Quote Originally Posted by JoeP26 View Post
Here's something interesting. Been reading a little into the hormonal and neurosteroidal pathways. So, as has been observed and experimented with here before, 5a-DHP is a 5-alpha reduced metabolite of progesterone. It is also a precursor to multiple neurosteroids in the brain that act on the GABA-a receptors and, eventually, creates neural androgens itself. But there's another metabolite in the similar line of sequence but on a different chain as 5a-DHP that comes from 17OHP (17-hydroxyprogesterone) called, 5α-Pregnan-17α-ol-3,20-dione. It can also be a metabolite of 5a-DHP itself as well, oddly enough, but not in as great of numbers as being a direct metabolite of 17OHP. Both 5a-DHP and 5a-Pregnan make 17OH-Allopregnenolone, Androsterone, Androstanediol, and then DHT. 5a-DHP is solely responsible for Allopregnenolone production as a metabolite while 5a-pregnan contributes to 17OH-Allopregnanolone production, thus increasing production of Androsterone, Androstanediol, and DHT.

Backdooor pathways of neurosteroids and sex hormones: PLOS Biology: The €œbackdoor pathway€ of androgen synthesis in human male sexual development

Info on 5a-Pregnan: 5alpha-Pregnane-3,20-dione | C21H32O2 - PubChem

However, all of these metabolites come from type 1 5-alpha reductase, whereas sufferers of finasteride damage should only have 5-alpha reductase type 2 (testosterone to DHT pathway) altered with long standing inhibited behavior, unless there is some unforeseen and unknown effect of Finasteride on type 1, directly or indirectly.

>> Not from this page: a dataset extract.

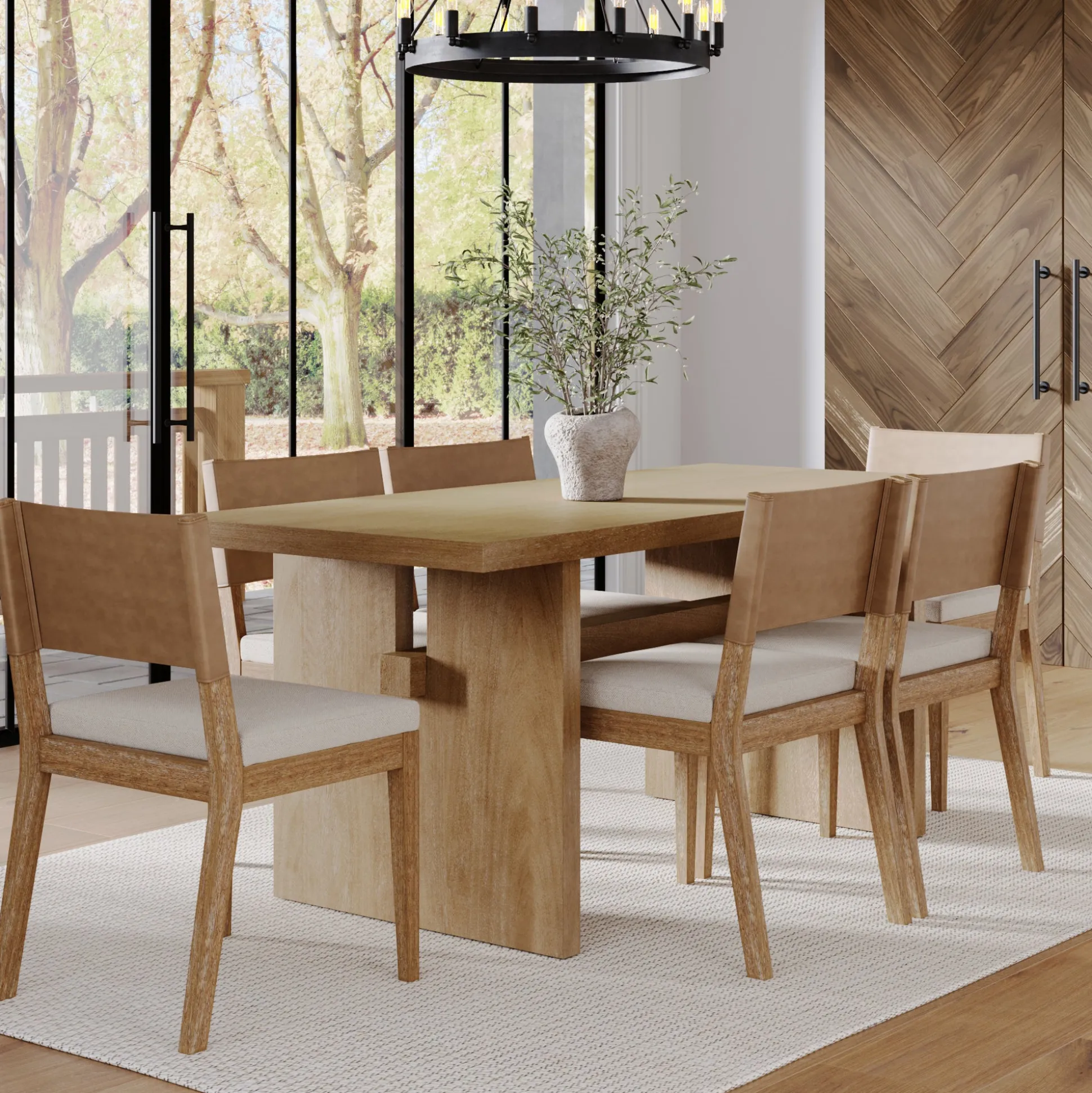 Farmhouse Dining Set (6 Chairs)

Those who used Saw Palmetto would have an altered type 1 pathway (that pathway explained above via Progesterone to 5a-DHP and 17-OHP to 5α-Pregnan-17α-ol-3,20-dione). Those who used Dutasteride (like myself) would be suffering from both pathways (types 1 and 2) being altered.

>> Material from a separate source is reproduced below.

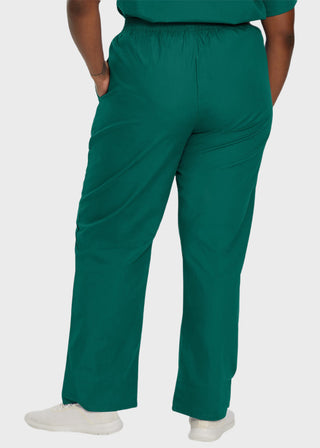 Landau Ladies Petite Classic Relaxed Elastic Waist Scrub Pants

It seems my specific case stems more so on the type 1 pathway, as my type 2 conversion (main androgenic pathway where most serum DHT occurs) of T to DHT appears to be intact, based on labs, but neuro androgens and precursor neurosteroids are lacking, based on the mountain of neuro symptoms (type 1) vs physical symptoms (type 2). I see the public is able to get their hands on 5α-Pregnan-17α-ol-3,20-dione without restriction from the following sources:

5alpha-Pregnan-21-ol-3,20-dione-2,2,4,4,17alpha,21,21-d7

5-ol-3,20-dione, CAS 570-59-2 | SCBT - Santa Cruz Biotechnology

(Note: this one is the most affordable so far) 5-ol-3,20-dione, CAS 570-59-2 | SCBT - Santa Cruz Biotechnology

I'm going to reach out to IdeaLabs and see if they can synthesize 5a-Pregnan as well. It in combination with 5a-DHP could be an effective treatment for stimulating 5-alpha reductase again as a result of inhibition pattern behavior in the brain caused by Saw Palmetto and Dutasteride. Maybe Finasteride as well.

For me, just as something interesting to note, anytime I use a GABA-a agonist, such as Ativan during the daytime and Ambien at nighttime, I feel loads more normal and myself. Calm throughout the day and able to sleep. When they wear off, then it's right back to PFS hell. This would obviously point more in the direction of a type 1 issue from the lack of GABA-a agonist metabolites. I'm thinking of experimenting with a cycle of pregnenolone 100mg x1 daily, 5a-DHP 5mg x2 daily (12hr), and 1mg 5a-pregnan x1 daily to start out. Thoughts?
Forgive the typical PHelp post, but If i'm not mistaken, I believe a young guy ended up committing suicide after purchasing and injecting himself with some sort of enzyme he believed he would fix him. I have read that it made his condition much worse. I'd be careful.